Caixa Postal 59
Esta postagem foi publicada em 1 de outubro de 2010 e está arquivada em Caixa Postal 59.

Boa noite, Taquara!

Ao que parece, há interessados em transformar Taquara em uma “cidade-dormitório”, para não dizer “fantasma”. Talvez convenha aos que já deveriam ter se mudado para um sítio isolado ou pensam que o centro da cidade compara-se à antiga “Colônia do Mundo Novo”, quando pela rua Júlio de Castilhos só passavam carroças e pedestres.
Minha constatação se baseia em protestos e abaixo-assinados que surgem de tempos em tempos sempre que alguém tenta abrir um estabelecimento noturno no centro da cidade ou imediações, investe em algum evento em um clube social ou tenta promover o que quer que seja. Basta anunciar que haverá uma festa ou que abriu um bar que já se manifestam os de sempre, contrários, seja lá com o que for que possa perturbar seu sono eterno na “cidade-dormitório”.
Dia desses, ouvi de algumas pessoas reclamações contra um estabelecimento recém-instalado na cidade, protestando contra o cheiro de gordura, contra os carros que estacionavam, contra as conversas na rua, etc, etc. O local permanece aberto sob algumas condições impostas para seu funcionamento. Até aí, tudo bem. Agora, mal abriu outro bar na rua principal, e lá vêm eles reclamando novamente nem se sabe do quê, porque nem deu tempo ainda de alguém fazer “barulho” por lá.
Há algo de errado no reino encantado de Taquara. Ao mesmo tempo em que a maioria alega não ter o que fazer por aqui, e muitos vivem gastando e se divertindo em outras cidades da região, há os que gritam ao primeiro sinal de fumaça feito por gente que está a fim de empreender no município. Haja paciência!

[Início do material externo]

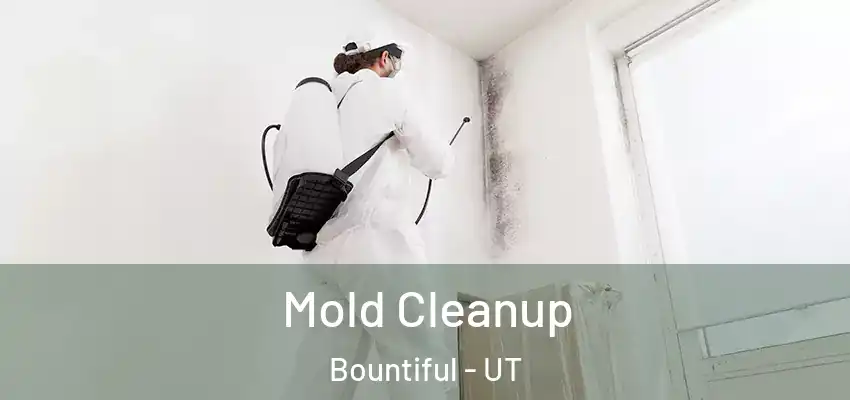  Mold Cleanup Bountiful - UT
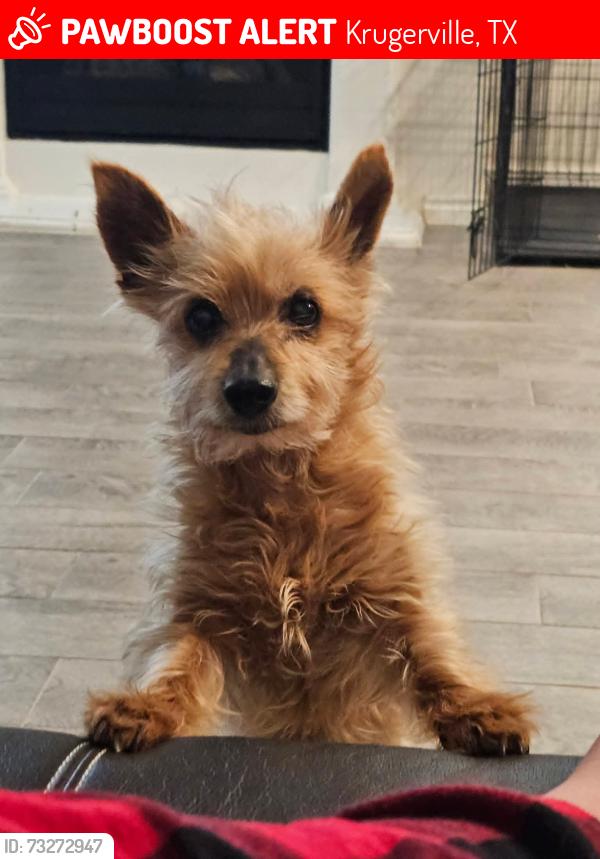 Lost Male Dog last seen Quail point and Mcnatt rd, Krugerville, TX 76227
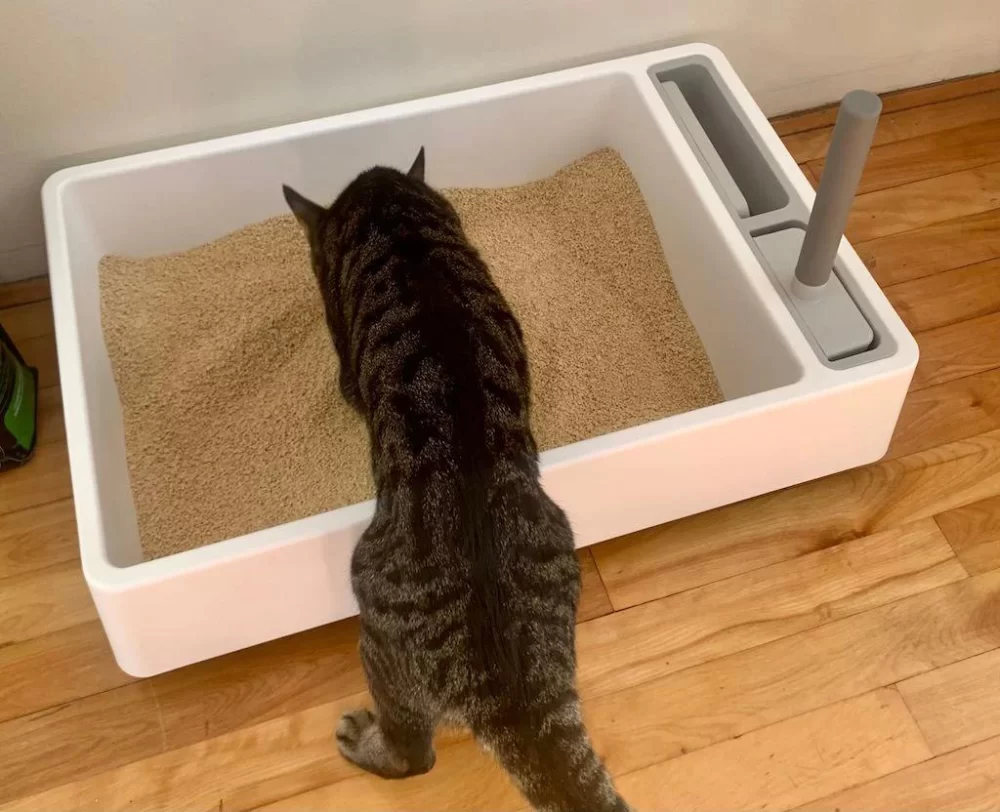 Best Cat Litter Solutions for Multiple Cats and Effective Odor Control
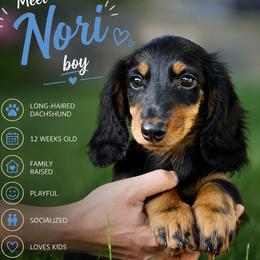 Nori - Black and tan male Dachshund puppy in Bethel, Connecticut from Olia's Dachshunds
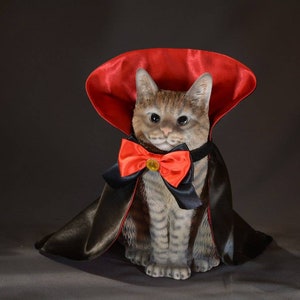 Countess Dracula costume for cat or dog, black and red satin, bow tie, cape, Halloween vampire pet costume, handmade  by Crafts4Cats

Sinceramente, não há lógica e nem bom senso. Se isso aqui é uma cidade, forma-se uma comunidade e, consequentemente, uma comunidade é feita por pessoas de todas as idades que querem se divertir, ter um bom restaurante para jantar e até encontrar um bar aberto tarde da noite para ouvir boa música com os amigos. Nada de anormal nisso, por favor!
Mas me parece que Taquara não só dorme cedo, como dorme no ponto. Se não é permitido abrir um bar ou qualquer local para entretenimento e lazer, melhor fechar a cidade ou impor uma lei determinando: “Cidade-dormitório. Proibido abrir qualquer estabelecimento onde haja aglomeração de pessoas, música, estacionamento de carros, vozes, respiração alterada, namoro, fumaça, cheiro de comida, etc, etc”. Em resumo, é proibido viver, entenderam?
Exceções à parte (entram aqui os casos de abuso, obviamente, que devem ser punidos dentro da lei), o resto é papo furado de quem não sabe viver em comunidade e não sabe aceitar as diferenças, a ousadia, a alegria e o sucesso alheios. A esses, meus votos de boa viagem, antes que sejamos forçados a viver e empreender em outro lugar.